Я шел через мост, возвращаясь из продмага, к которому я прикреплен. Ноша легка, но нести ее было тяжело: руки мои словно из песка, да и сам я весь бесформенный, мешкообразный.

Где-то надо мной раздался знакомый голос:

— Не помочь ли вам, Илья Ильич?

Вровень со мной, — нисколько не ниже меня, — шел мой, так хорошо знакомый, посетитель. Лицо его заметно поправилось, костюм был на нем новый, с широкими модными плечами и едва ли не из американского материала и вообще весь его колер был нахальный, лососево-красный. Шагал он с чрезвычайной подвижностью, передергивая плечами от удовольствия и даже пританцовывая:

— Оздоровляющий воздух и сияние, Илья Ильич, а? Я всегда, пересекая Москву-реку, чувствую себя, видите ли, очищенным. Целебнейший город, батюшка, наицелебнейший. А я на вас смотрю и думаю, — кажется, он? Изменился! Во мне — смятенье! Испуг! Обморок. Ха-ха-ха!.. Таких бы делов человек наделал — беда, а тут до чего довели, ха-ха-ха!..

С его точки зрения, он совершенно правильно сделал, что выбрал для разговора улицу. Он мог плести, сколько ему угодно, вставлять любые и необходимые для него слова, а я — только разводи руками. Мой ослабевший голос не покрывал бы текучего шума улицы, и фон Эйтцен всегда мог бы сослаться на то, что не слышит. И выходило так, что он очень остро издевался надо мной, а так как он брал всю мою жизнь, то и над моей жизнью. Так тому и быть…

Нет! Именно поэтому-то и не быть!

Я собрал последние силы, вскочил, под режущий уши свист милиционера, в трамвай и, не обращая внимания на брань и крики, протискивался к выходу. «Изгонять чертей, так изгоняй решительно!» — бормотал я, выскакивая через одну остановку.

Так же поспешно я перешел улицу и поднялся, прыгая через ступеньку, к лифту. Лифтерша еле успела спросить: «Братец будете Илье Ильичу?» — причем неизвестно было, к кому обращен был ее вопрос: ко мне или к фон Эйтцену.

Я бросился на диван.
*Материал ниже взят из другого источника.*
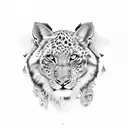 leon tattoo design idea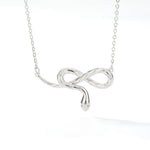 Snake Cobra Pendant Water Ripple Chain For Women Men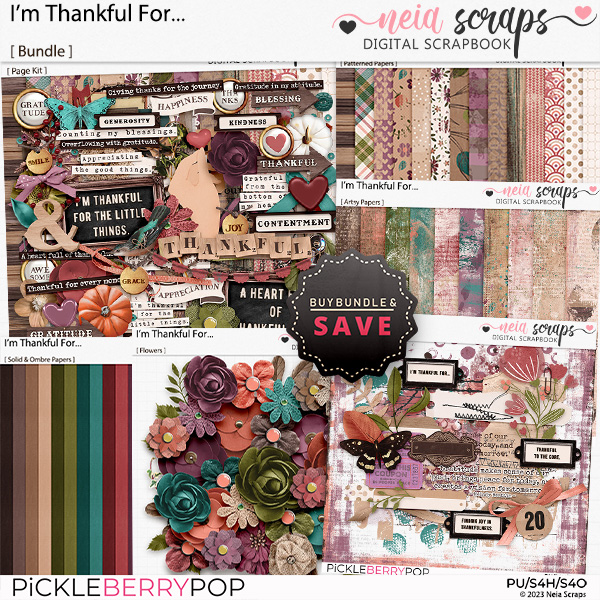 I'm Thankful For... - Bundle - by Neia Scraps 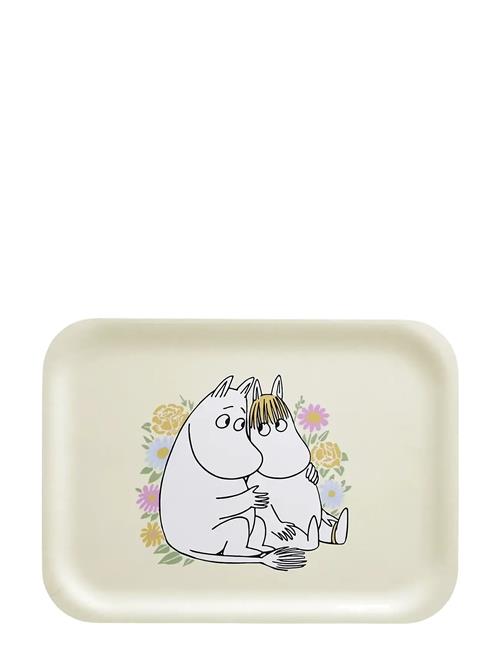 Moomin Tray Flowers 27X20Cm Muurla Cream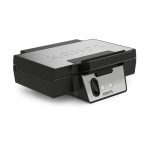 Krups FDK Iconic Waffeleisen, 850 W, keramikbeschichtete Antihaft-Platten, ikonisches Design, vertikale Aufbewahrung, benutzerfreundlich, Schwarz/Edelstahl, FDK261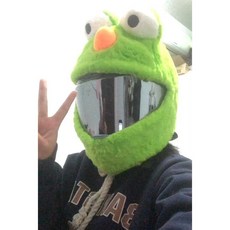 오토바이 헬멧 커버 동물캐릭터 바이크 보호커버, 1개, 옵션 13
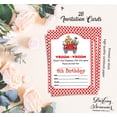 thumbnail image 5 of Darling Souvenir White Birthday Invitation Card Printable Elegant Fill or Write In Blank Party Invites 28 Pcs 5 x 7 Inches, 5 of 5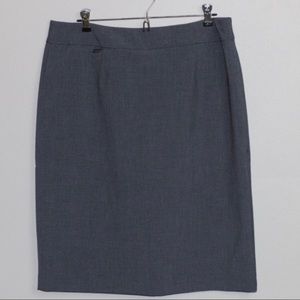 Calvin Klein Suit Skirt, Charcoal Grey - Sz. L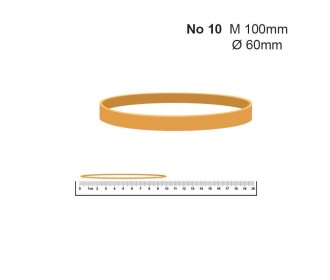 Λάστιχα Νο 10 63 Øx1.4x5χιλ. (100gr) πλατύ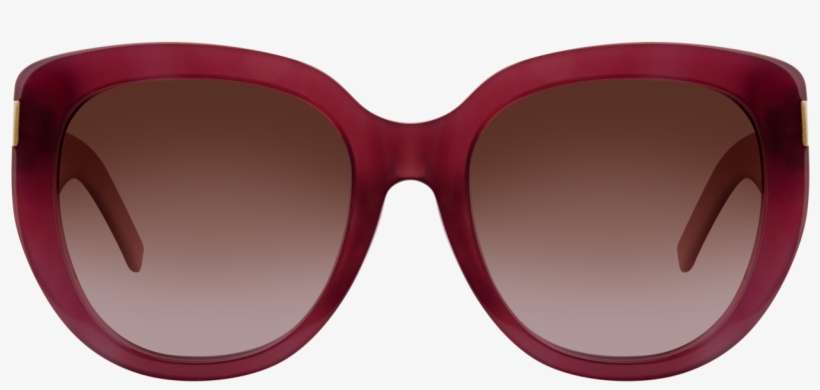Yves Saint Laurent Sl 16/f I3n/d8 Sunglasses - Burgundy, transparent png download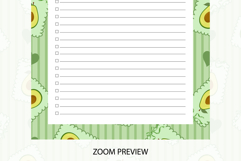 Avocado Coquette Heart Stripe To Do List | To do list Product Image 4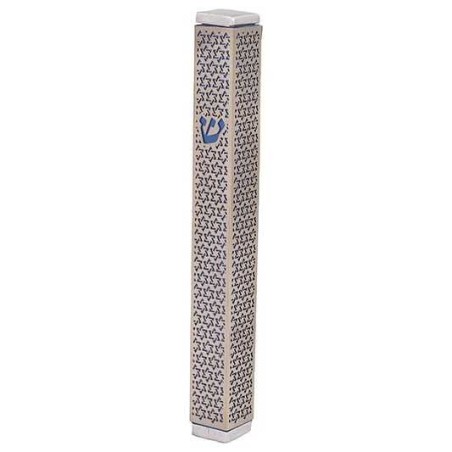 Étui étoile de David Mezuzah découpé au laser par Yair Emanue | Mezouzahs | judaïque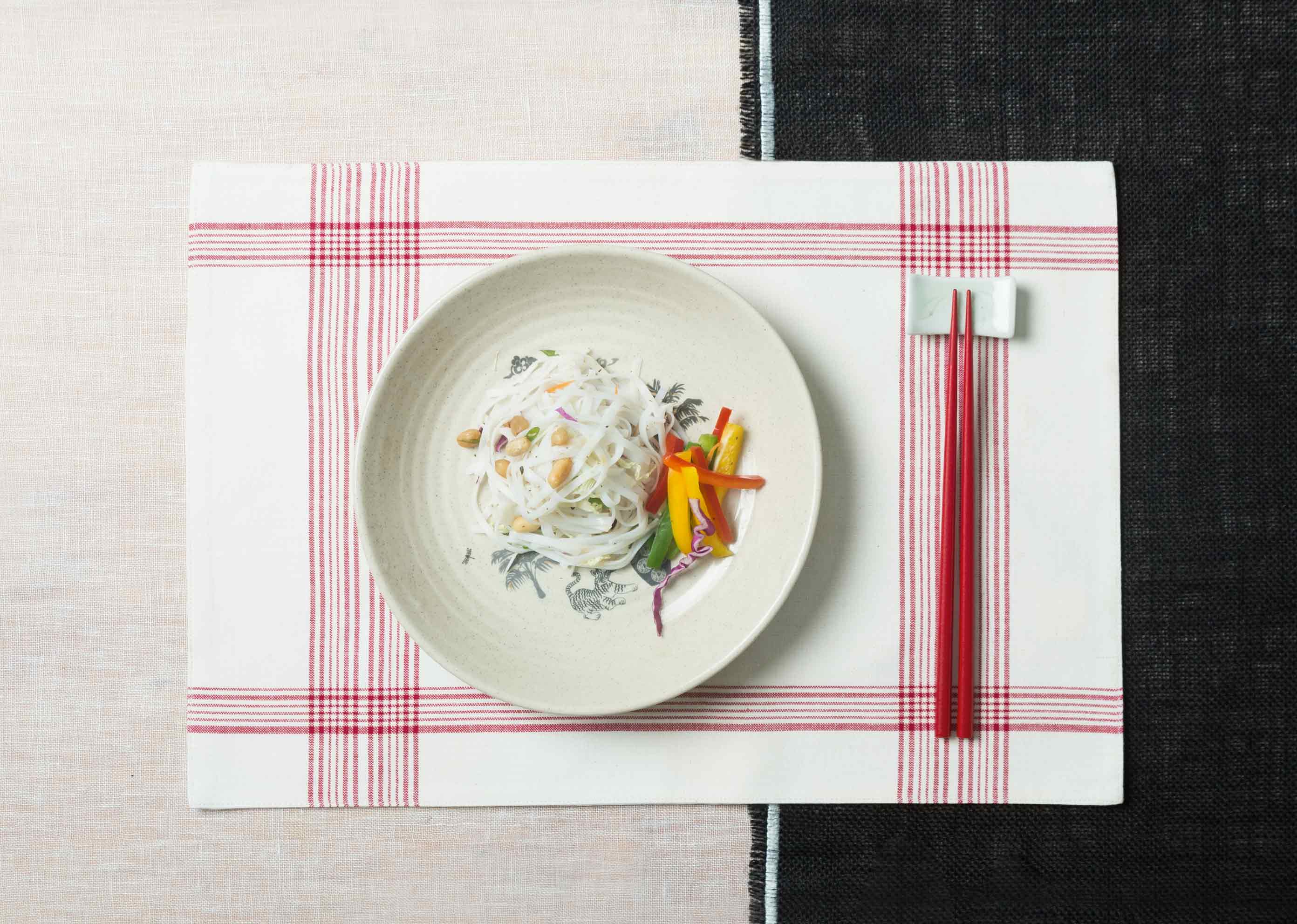 Riku Placemat (Set Of 2) - Red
Стакан, наполненный водой, плескался в моей руке. Я медленно, глоток за глотком, поглощал воду и смотрел на встревоженное лицо Клавы. Да, да, она ждала меня в моей комнате!

Я предложил Клаве чаю. Она отказалась. Собственно, мне ей нечего было предлагать. Чаю у меня не было уже несколько месяцев. Иногда я ездил к своим знакомым в Толстопальцево, собирая там в лесу листья брусники. Я утверждал, что настой из брусники очень тонизирует, гораздо больше, чем настой чая. Вряд ли знакомые верили мне. Они спекулянты, у них водится чай, сахар и даже печенье. Они, по-видимому, считают меня за сыщика, из тех, которые голодают, — есть и такие, — и которых можно подкупить продовольствием. Они усердно угощают меня. Мне стыдно, — какой я сыщик! — но я не отказываюсь от еды и говорю многозначительно. Ах, какая гнусная жизнь!

— А вы очень изменились, Илья Ильич.

— Ослабел.

— На улице, возможно, я бы вас не узнала.

— К лучшему.

— Зачем меня обижать, Илья Ильич! Я вышла замуж по любви.

— Пару дней назад вы говорили другое.

— Врала.

— И насчет лысины?

— Нет, насчет лысины правда. В конце концов как его не любить? Ко мне, представьте, явилось пятеро родных из разбомбленного города. Больные, голодные. Теснота ужасная. Именно тогда он предложил стать его женой. Именно тогда я полюбила его.

— За доброту?

— Это великое качество!

— Ко мне вы некогда испытывали другое чувство, не правда ли?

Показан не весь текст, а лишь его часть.